Torsten Slok discusses the ongoing “phase” differences between the FOMC and the ECB. The debate is over each’s expanded balance sheet, and the impact each has on “holding down permanently the level of 10-year Treasury yields and the level of 10-year bunds” (emphasis mine).
The so-called stock effect of QE is to remove government bonds from the market, artificially pushing interest rates permanently lower. Advocates of the stock argument claim the end of QE is a non-event, as interest rates will remain low, stock prices high, and credit spreads tight.
I disagree with this for numerous reasons, most prominently because I do not believe rates will be permanently kept low by the methodology of QE; we know its artificial, and that suggests to me that it is temporary. Once the artifice is removed, markets will (however gradual) reassert themselves, finding a more natural rate level.

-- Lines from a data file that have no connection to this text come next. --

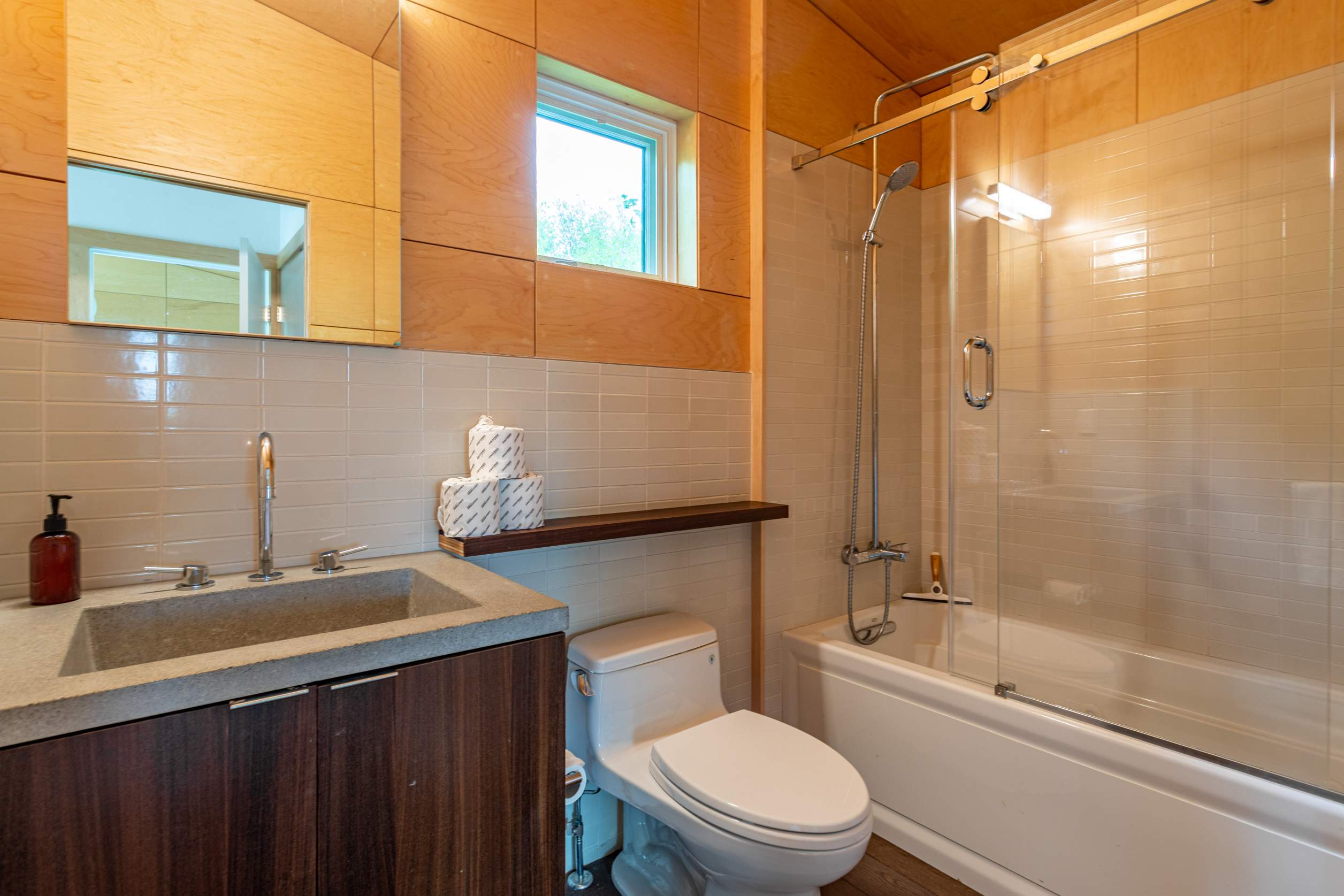 A modern bathroom with light-colored subway tiles, a concrete sink vanity with dark wood cabinets, and a toilet. A glass-enclosed shower/tub combo is visible on the right, with a small window above the toilet.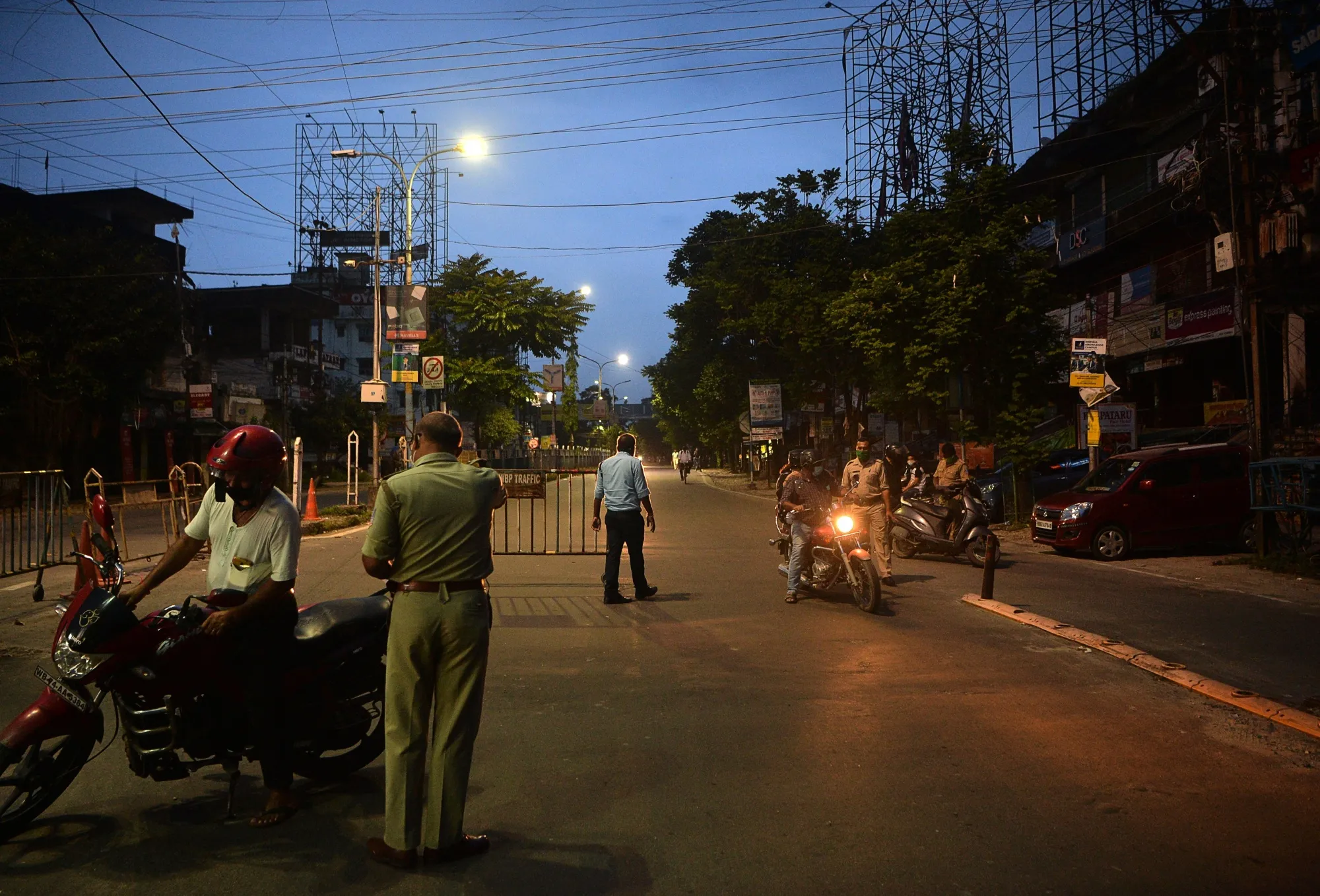 Police check vehicles during a lockdown imposed by the state government in Siliguri, Aug. 8.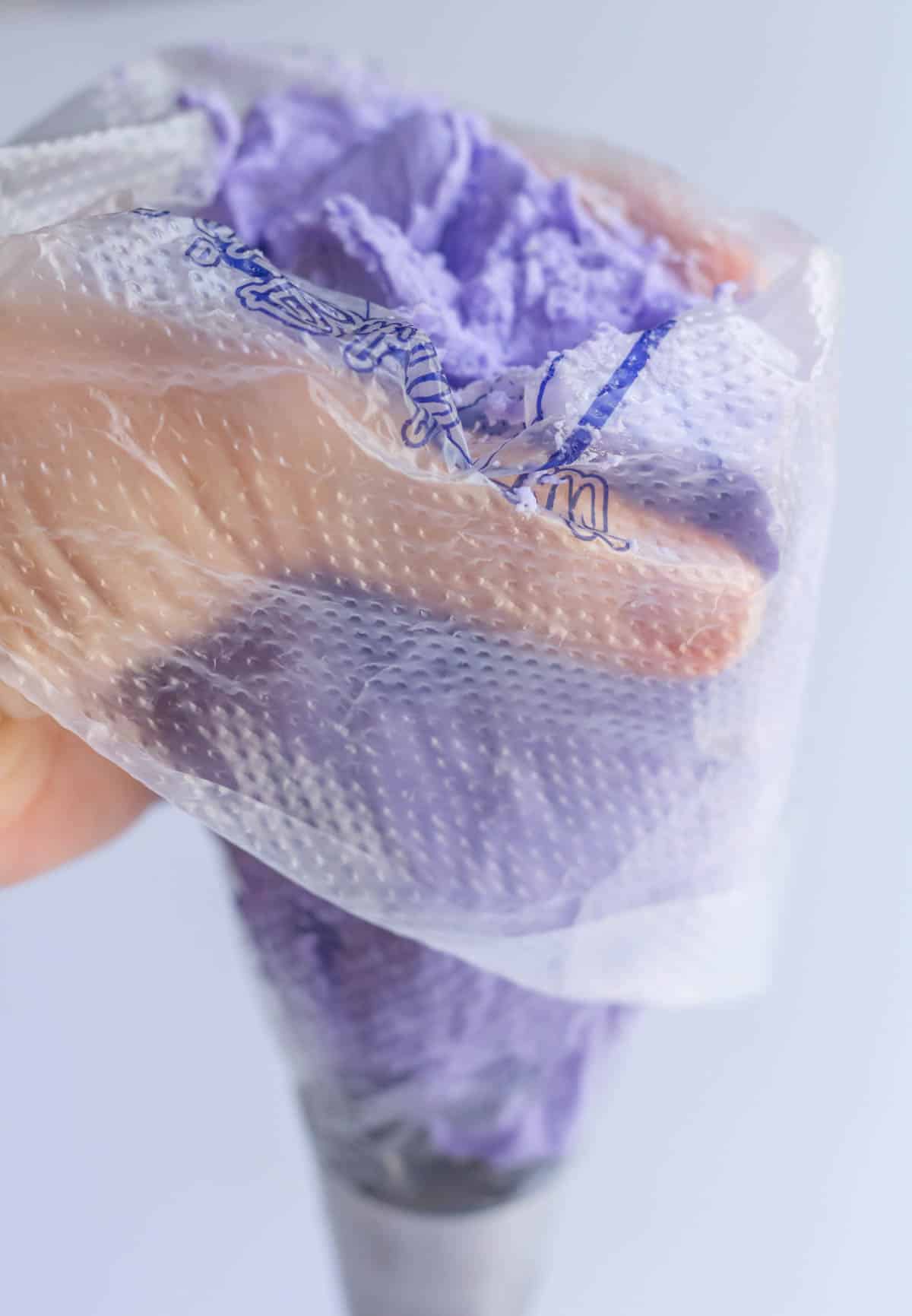 A 16-inch piping bag filled halfway with lavender buttercream and fitted with a piping tip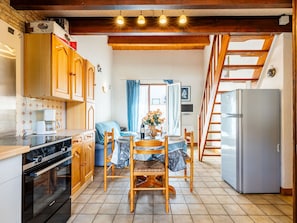 Een kleine keuken met houten kastjes, een eettafel met stoelen, een koelkast en een fornuis.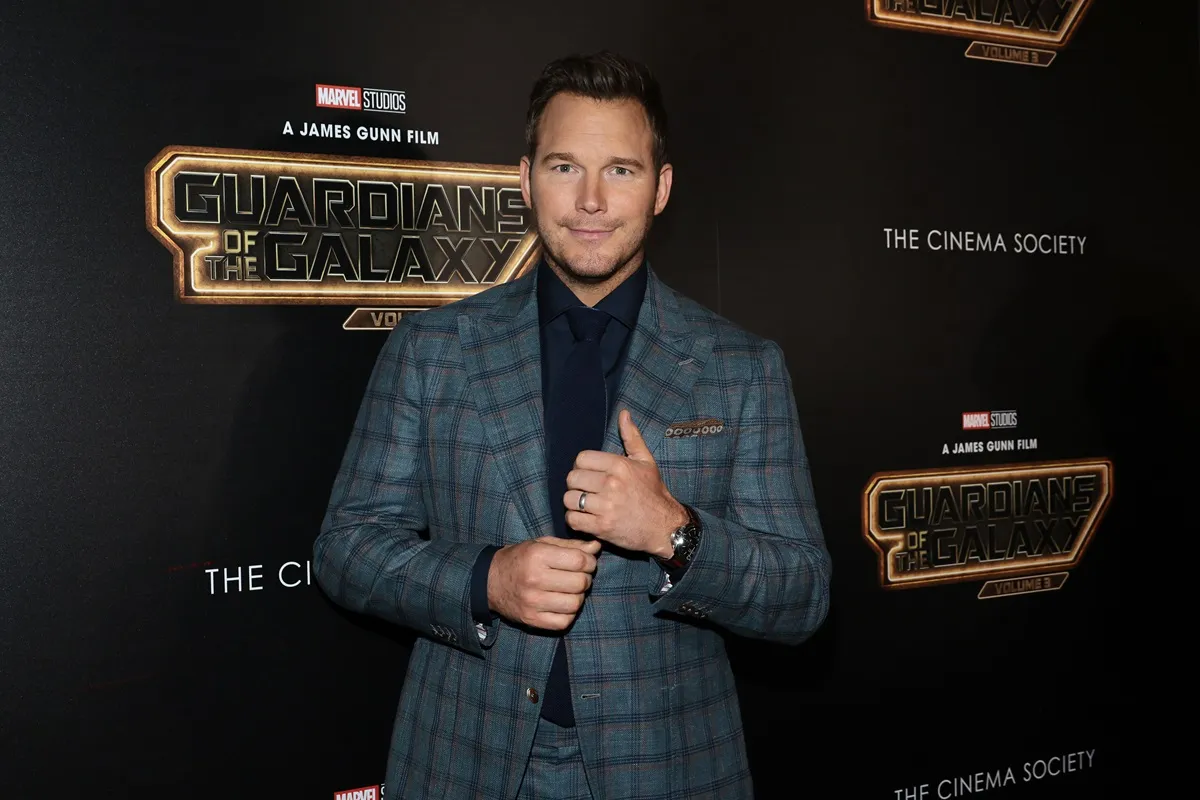 Chris Pratt posing at the premiere of 'Guardians of the Galaxy Vol. 3' in a suit,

I also find with Slok’s explanation compelling:
“First, long rates are not only driven by QE. US and European rates are also driven by forward guidance. And the ECB will in 2018Q2 begin to recognize the strength of the European data and the need to exit. As ECB forward guidance begins to signal that QE and negative interest rates are going away, investors will begin to trade European core rates higher. Put differently, do you think 10-year bund rates, which currently are 30bps, will also be 30bps when we come to the end of 2018 when the ECB is no longer doing QE? We think it will be 1% because markets will begin to price that negative interest rates are also going away.
Second, the stock argument does not take into account how the cash that ECB QE injects into the economy is used. As the ECB carries out QE a real money manager in Europe sells their German bunds to the ECB and gets cash in return, currently 60bn euros per months. The money manager now turns around and invests that 60bn in other assets such as US IG and HY. As the ECB in 2018 slows their purchases to 30bn and ultimately to zero there will be much less demand from foreigners for US IG and HY. In other words, the stock argument is flawed because it only looks at the impact on government bond markets and it ignores the flow effect on the other markets where the QE money is ultimately spent. In plain English, as the ECB slows and ultimately ends QE in 2018 the amount of cash flowing to risky assets such as credit and equities will slow down and ultimately dry up altogether. And for this to be a smooth exit new issuance and refinancings of credit needs to slow in sync, which seems highly unlikely to happen at the same time, see the second chart.
The bottom line is that changing ECB forward guidance is likely to raise bund rates in 2018, and the significant slowdown in flows from Europe into US credit markets is likely in 2018 to widen credit spreads in US IG and HY, even if the US economic data continues to be good.
In light of Europe’s gradual economic improvement, these interesting and important monetary policy changes bear watching.